• _Exercise_:
The complete data, repeated exactly, should form your response.

*** Opening Records for this task ***

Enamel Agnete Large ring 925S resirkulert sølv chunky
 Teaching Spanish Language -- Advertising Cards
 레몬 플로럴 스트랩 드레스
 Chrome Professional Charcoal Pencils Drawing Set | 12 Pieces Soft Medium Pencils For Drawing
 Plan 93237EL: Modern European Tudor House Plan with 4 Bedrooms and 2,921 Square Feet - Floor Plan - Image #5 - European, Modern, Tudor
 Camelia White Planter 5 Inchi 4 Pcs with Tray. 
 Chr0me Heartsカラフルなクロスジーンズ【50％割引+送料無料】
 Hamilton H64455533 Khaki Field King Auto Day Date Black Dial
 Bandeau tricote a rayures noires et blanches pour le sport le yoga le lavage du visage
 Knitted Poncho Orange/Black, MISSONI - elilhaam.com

*** Closing Records for this task ***

• _Task response_:
Enamel Agnete Large ring 925S resirkulert sølv chunky
 Teaching Spanish Language -- Advertising Cards
 레몬 플로럴 스트랩 드레스
 Chrome Professional Charcoal Pencils Drawing Set | 12 Pieces Soft Medium Pencils For Drawing
 Plan 93237EL: Modern European Tudor House Plan with 4 Bedrooms and 2,921 Square Feet - Floor Plan - Image #5 - European, Modern, Tudor
 Camelia White Planter 5 Inchi 4 Pcs with Tray. 
 Chr0me Heartsカラフルなクロスジーンズ【50％割引+送料無料】
 Hamilton H64455533 Khaki Field King Auto Day Date Black Dial
 Bandeau tricote a rayures noires et blanches pour le sport le yoga le lavage du visage
 Knitted Poncho Orange/Black, MISSONI - elilhaam.com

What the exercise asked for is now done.